Deep Learning Radiomics Based on Contrast-Enhanced Ultrasound Might Optimize Curative Treatments for Very-Early or Early-Stage Hepatocellular Carcinoma Patients

Liver Cancer. 2020 Aug;9(4):397-413. doi: 10.1159/000505694. Epub 2020 Mar 31.

Abstract

Background: We aimed to evaluate the performance of a deep learning (DL)-based Radiomics strategy designed for analyzing contrast-enhanced ultrasound (CEUS) to not only predict the progression-free survival (PFS) of radiofrequency ablation (RFA) and surgical resection (SR) but also optimize the treatment selection between them for patients with very-early or early-stage hepatocellular carcinoma (HCC).

Methods: We retrospectively enrolled 419 patients examined by CEUS within 1 week before receiving RFA or SR (RFA: 214, SR: 205) from January 2008 to 2016. Two Radiomics signatures were constructed by the Radiomics model R-RFA and R-SR to stratify PFS of different treatment groups. Then, RFA and SR nomograms were built by incorporating Radiomics signatures and significant clinical variables to achieve individualized 2-year PFS prediction. Finally, we applied both Radiomics models and both nomograms to each enrolled patient to investigate whether there were space for treatment optimization and how much prognostic improvement could be expected.

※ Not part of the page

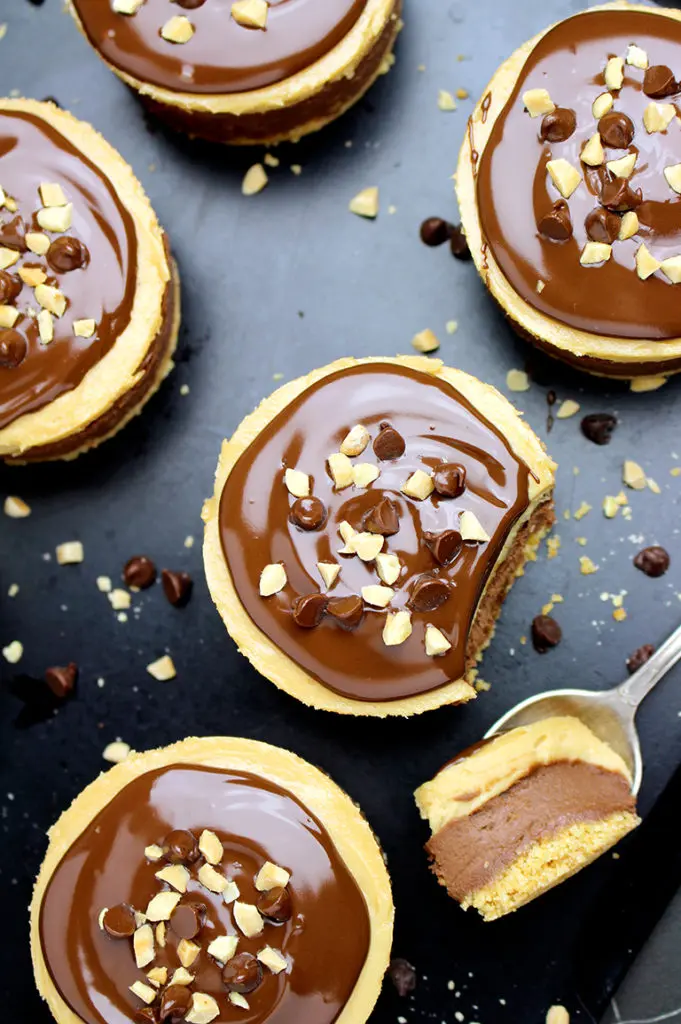 Chocolate and peanut butter… Do you like this combination? If your answer is yes, we have an awesome dessert for you – No Bake Chocolate Peanut Butter Mini Cheesecake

Results: R-RFA and R-SR showed remarkable discrimination (C-index: 0.726 for RFA, 0.741 for SR). RFA and SR nomograms provided good 2-year PFS prediction accuracy and good calibrations. We identified 17.3% RFA patients and 27.3% SR patients should swap their treatment, so their average probability of 2-year PFS would increase 12 and 15%, respectively.

Conclusions: The proposed Radiomics models and nomograms achieved accurate preoperative prediction of PFS for RFA and SR, and they could facilitate the optimized treatment selection between them for patients with very-early or early-stage HCC.

Keywords: Contrast-enhanced ultrasound; Hepatocellular carcinoma; Radiofrequency ablation; Radiomics; Surgical resection.